- Work request -
An exact, complete copy of the entries below is required, minus any pictures.

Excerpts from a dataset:
►

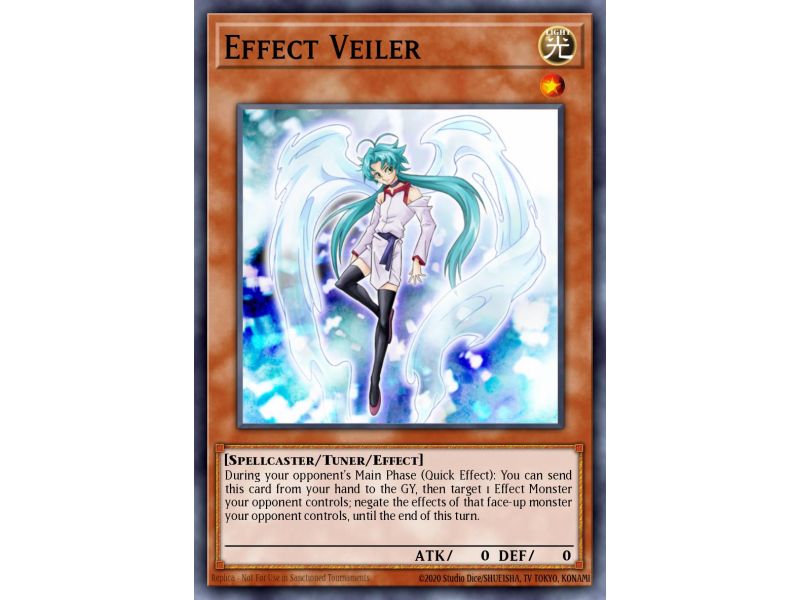 Effect Veiler (Gold Rare)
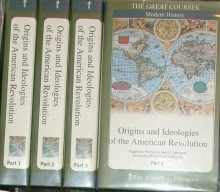 Origins and Ideologies of the American Revolution (The Great Courses Series) - Peter C. Mancall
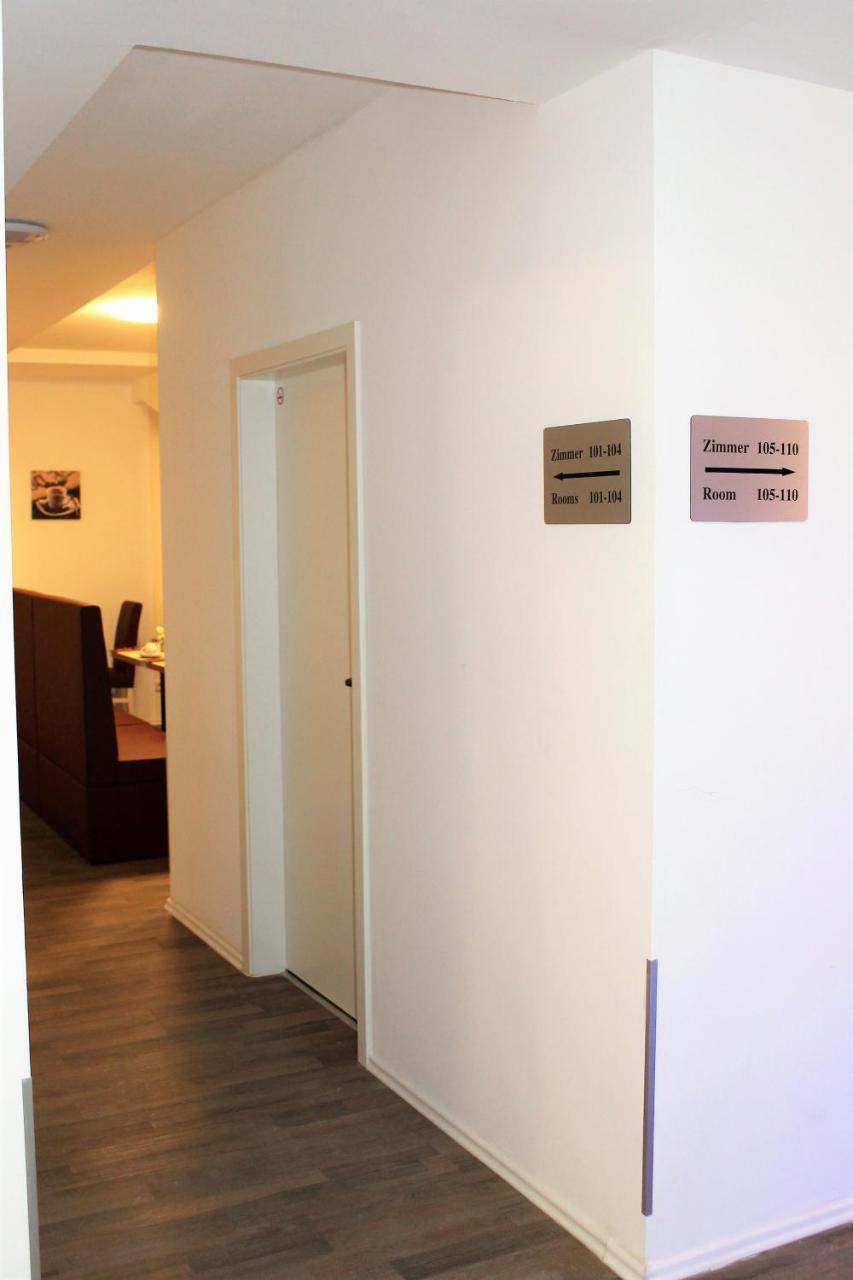 Pionier Hotel Hamburg Wandsbek Bagian luar foto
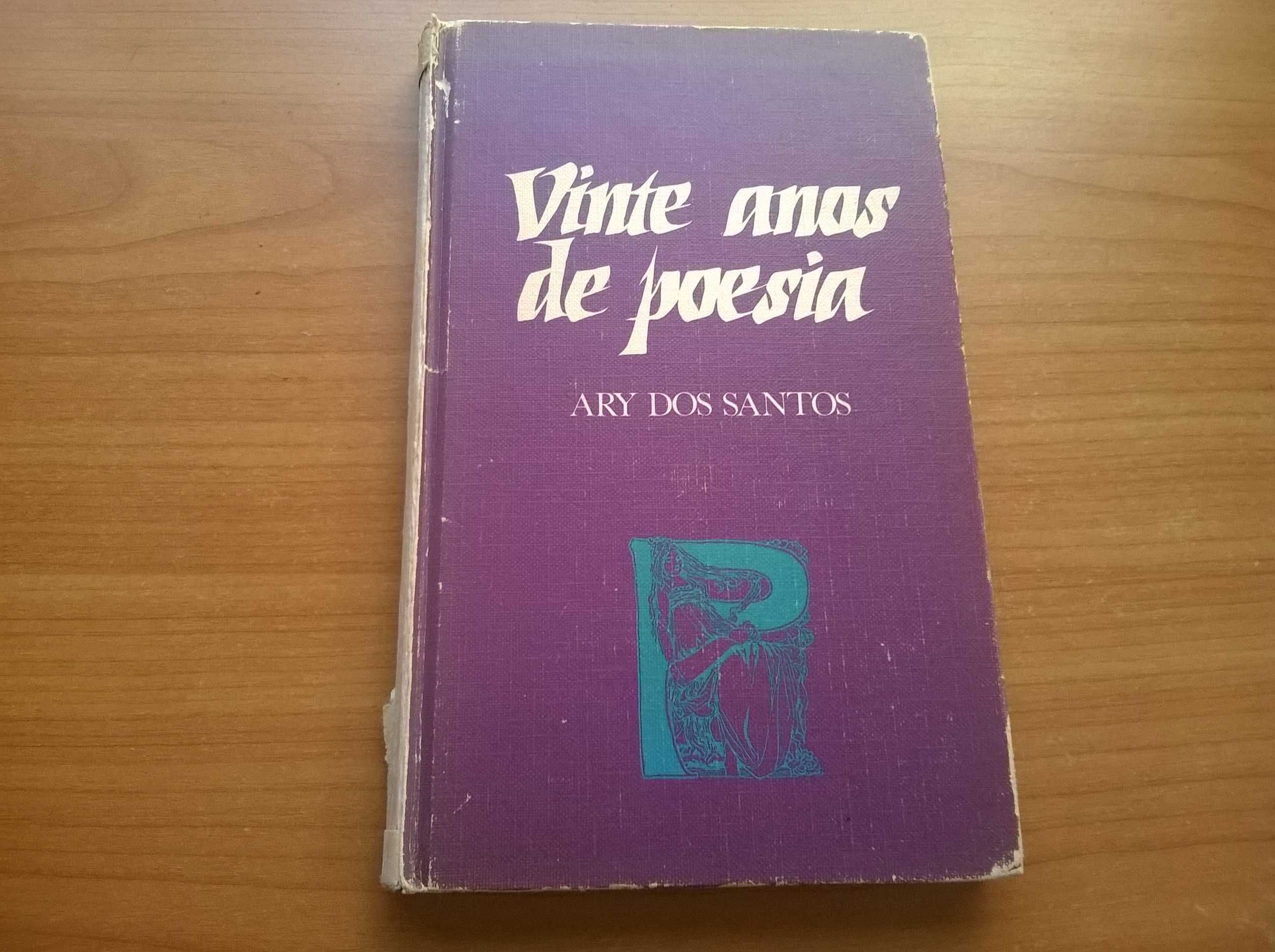 Vinte Anos de Poesia - José Carlos Ary dos Santos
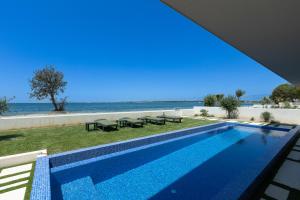 Adria Resort - SEAFRONT Villa B- Quiet Beachfront Retreat with Private Pool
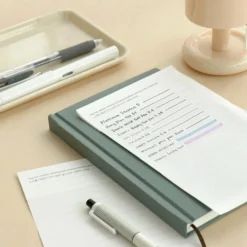 Iconic Solitude Tomoe River Paper Notebook (FP Friendly)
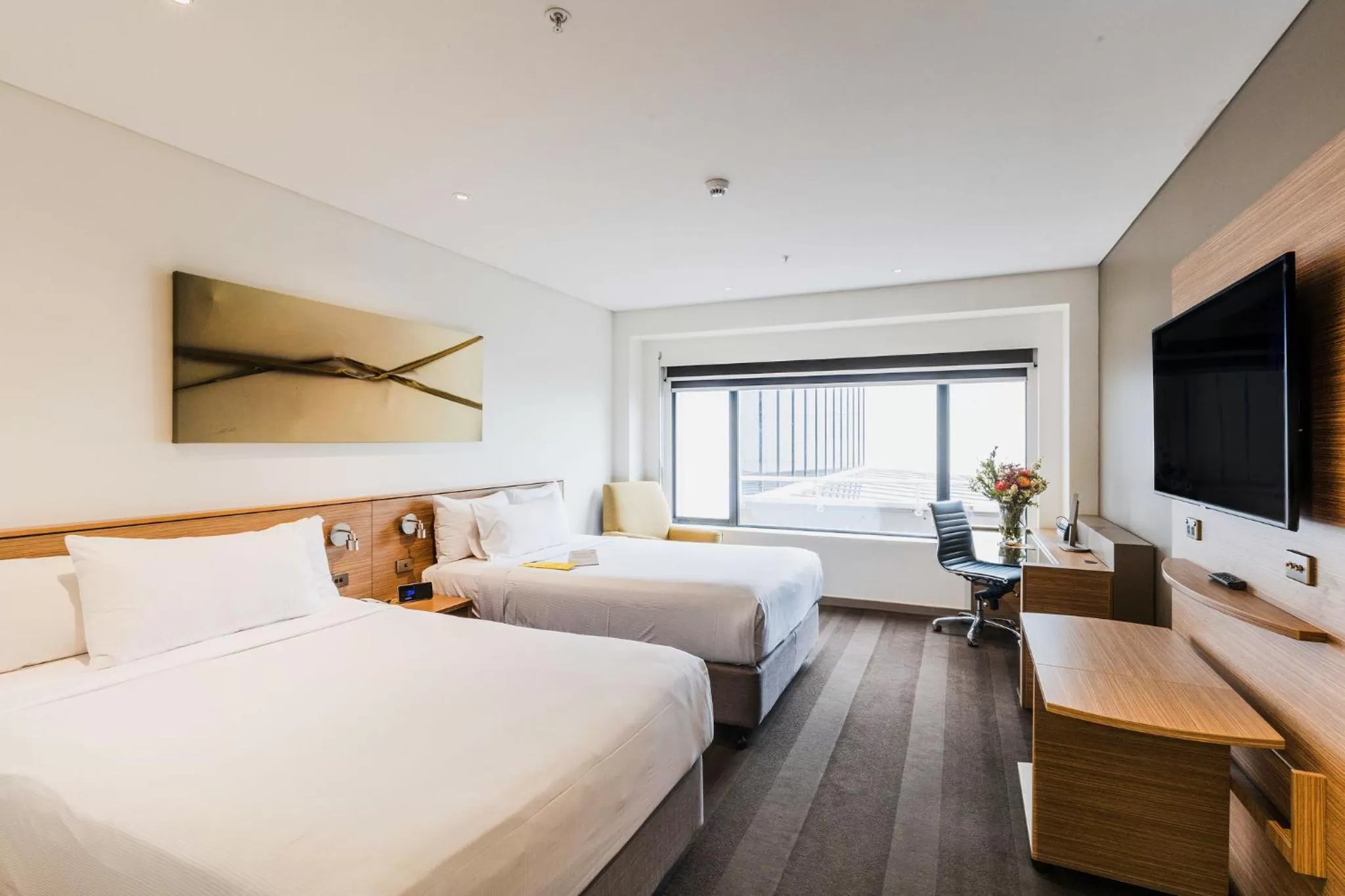 Bed in Crowne Plaza Canberra by IHG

◄

- Written response -
 Effect Veiler (Gold Rare)
 Origins and Ideologies of the American Revolution (The Great Courses Series) - Peter C. Mancall
 Pionier Hotel Hamburg Wandsbek Bagian luar foto
 Vinte Anos de Poesia - José Carlos Ary dos Santos
 Adria Resort - SEAFRONT Villa B- Quiet Beachfront Retreat with Private Pool
 Iconic Solitude Tomoe River Paper Notebook (FP Friendly)
 Bed in Crowne Plaza Canberra by IHG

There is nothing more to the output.